The Philippines could see a sharp increase in the number of babies expected to be born next year due to lack of access to family planning services and contraceptive methods during community quarantines in most parts of the country, according to the Commission on Population and Development (POPCOM).
POPCOM expects a 10 percent increase in unplanned pregnancies this year, which will contribute to 214,000 additional babies in 2021. This could result in the highest birth rate in the past 20 years.
Juan Antonio Perez III, executive director of POPCOM, said they forecast close to 2 million newborns next year.
Perez said their estimate was based on the projection of the UP Population Institute and the United Nations Population Fund.
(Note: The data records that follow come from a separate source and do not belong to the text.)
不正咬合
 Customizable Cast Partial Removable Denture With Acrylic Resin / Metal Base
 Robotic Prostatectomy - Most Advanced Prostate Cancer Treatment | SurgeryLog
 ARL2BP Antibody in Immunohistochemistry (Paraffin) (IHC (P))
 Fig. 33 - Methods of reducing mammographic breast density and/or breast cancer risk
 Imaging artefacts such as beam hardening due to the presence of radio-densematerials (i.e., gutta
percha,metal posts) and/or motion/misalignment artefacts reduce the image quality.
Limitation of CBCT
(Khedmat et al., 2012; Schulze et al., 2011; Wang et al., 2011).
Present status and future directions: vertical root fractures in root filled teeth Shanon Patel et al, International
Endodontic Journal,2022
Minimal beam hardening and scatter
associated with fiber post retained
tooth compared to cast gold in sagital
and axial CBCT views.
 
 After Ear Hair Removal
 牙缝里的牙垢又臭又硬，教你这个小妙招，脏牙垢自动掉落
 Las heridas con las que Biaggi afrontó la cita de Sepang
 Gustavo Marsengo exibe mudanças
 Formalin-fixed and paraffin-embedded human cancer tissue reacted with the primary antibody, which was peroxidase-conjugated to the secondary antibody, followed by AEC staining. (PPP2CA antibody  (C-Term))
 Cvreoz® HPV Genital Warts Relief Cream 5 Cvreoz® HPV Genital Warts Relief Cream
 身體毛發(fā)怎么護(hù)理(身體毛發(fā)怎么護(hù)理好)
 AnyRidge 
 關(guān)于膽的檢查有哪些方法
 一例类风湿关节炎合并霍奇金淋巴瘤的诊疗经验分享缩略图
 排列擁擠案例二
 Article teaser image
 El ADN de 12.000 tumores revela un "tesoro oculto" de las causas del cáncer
In an interview with ABS-CBN’s Teleradyo earlier in June, he explained that the regular number of births in the country was at 1.7 million like in previous years.
A fifth more than normal—nearly 3.6 million—of women aged between 15 and 49 years old have had an “unmet need for family planning” during community quarantine, he told the media.
“There will be at least one pregnancy for every three women with an unmet need for family planning,” Perez said.
In a separate report by the Guardian, Nandy Senoc, executive director of the Family Planning Organization of the Philippines said though quarantine measures have been eased, restrictions on various aspects of public facilities including transportation contribute to lack of family planning services.